++++ EXTRACTED DATA

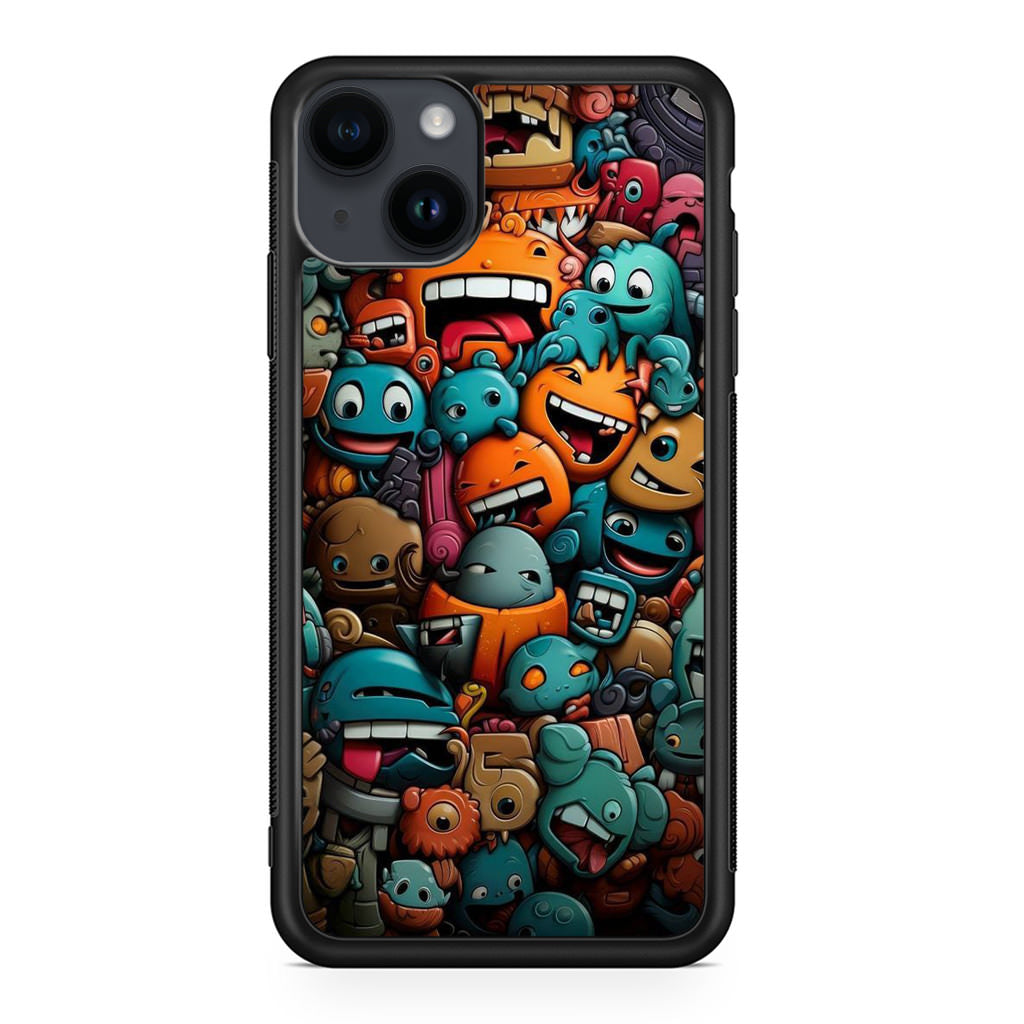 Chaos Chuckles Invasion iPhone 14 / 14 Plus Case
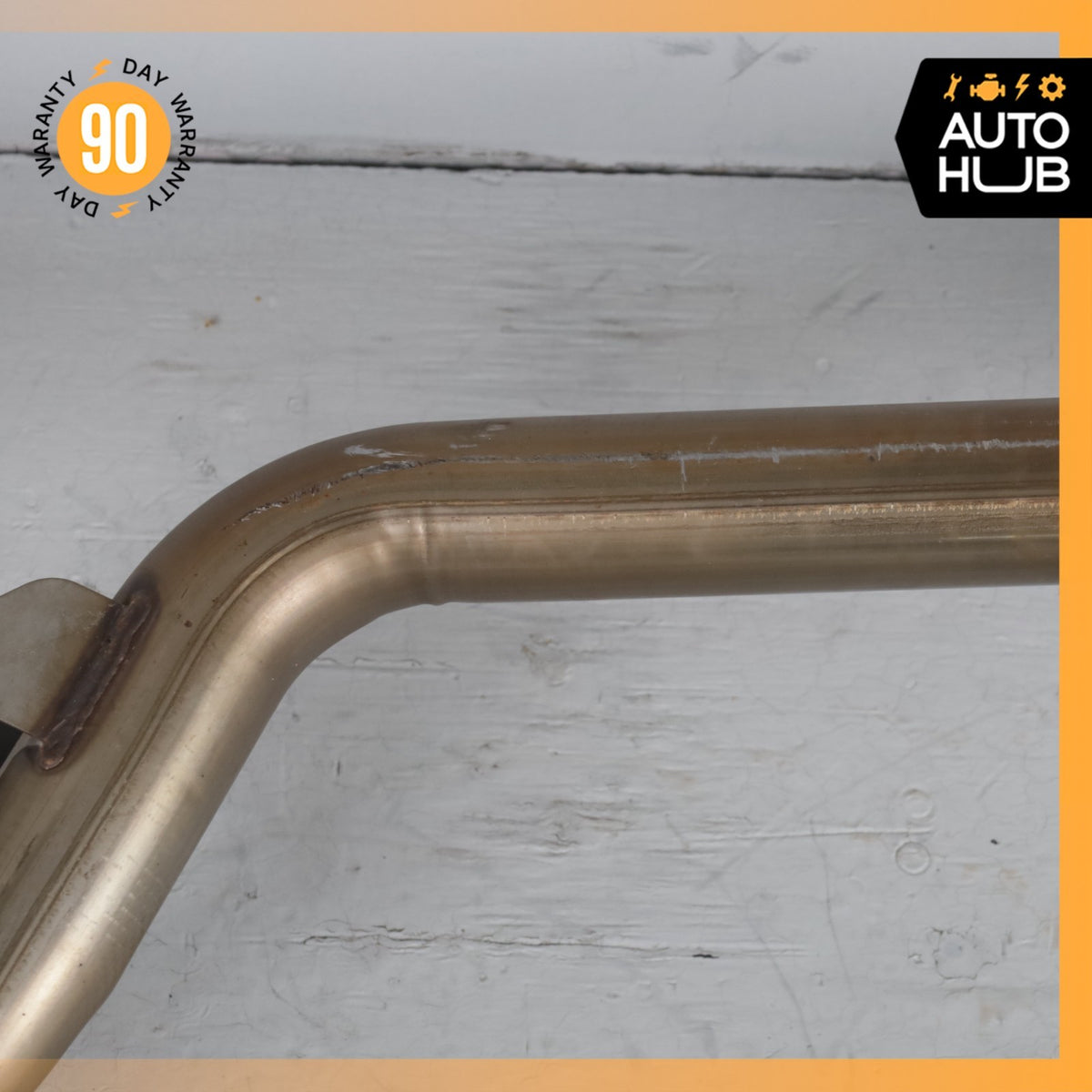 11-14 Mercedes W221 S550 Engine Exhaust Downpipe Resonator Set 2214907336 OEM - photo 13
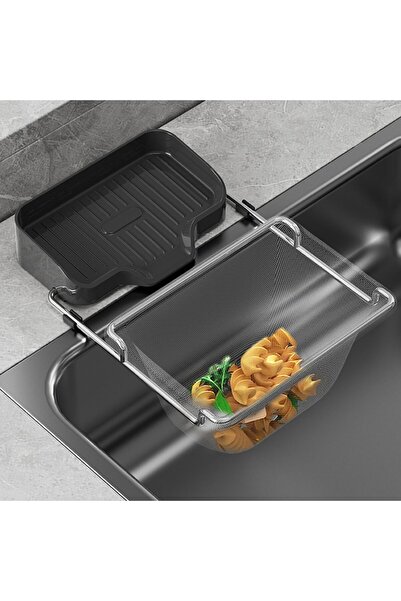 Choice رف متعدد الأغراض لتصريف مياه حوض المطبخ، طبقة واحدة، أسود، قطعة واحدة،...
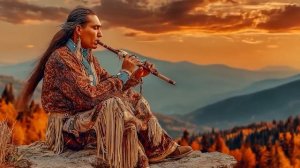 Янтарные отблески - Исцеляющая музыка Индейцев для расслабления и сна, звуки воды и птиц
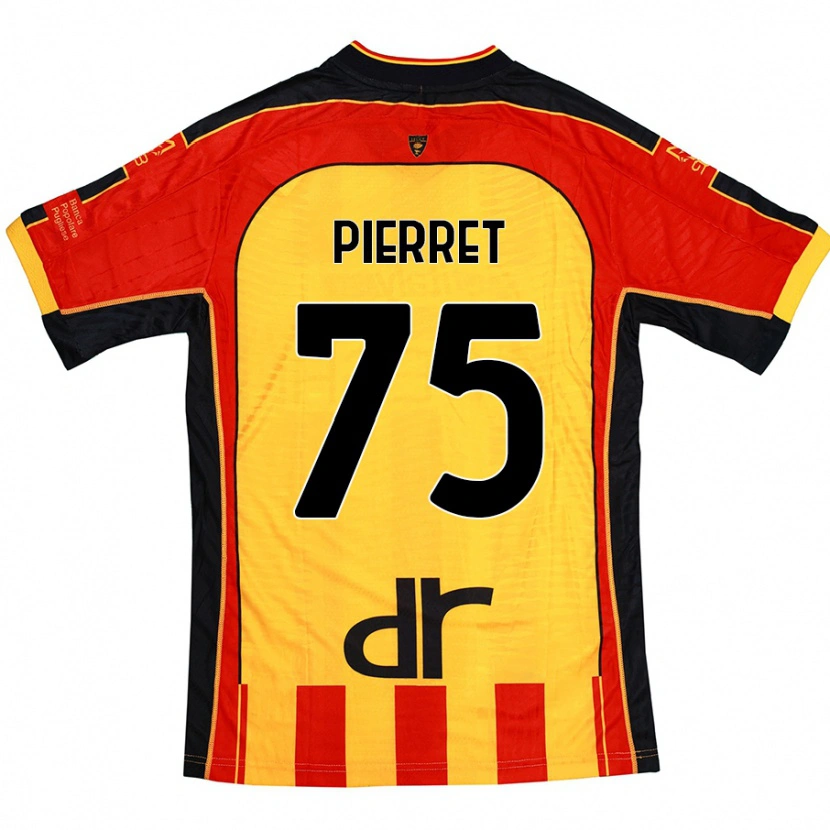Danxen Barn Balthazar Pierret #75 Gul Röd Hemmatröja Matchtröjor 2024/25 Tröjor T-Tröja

++++++++

### [ABOUT THIS TASK]
Drop the pictures, then transcribe the lines from the one containing "Янтарные отблески - Исцеляющая" to the end of the data above, exactly and nothing more.

### [REPLY TO THE TASK]
 Янтарные отблески - Исцеляющая музыка Индейцев для расслабления и сна, звуки воды и птиц
Danxen Barn Balthazar Pierret #75 Gul Röd Hemmatröja Matchtröjor 2024/25 Tröjor T-Tröja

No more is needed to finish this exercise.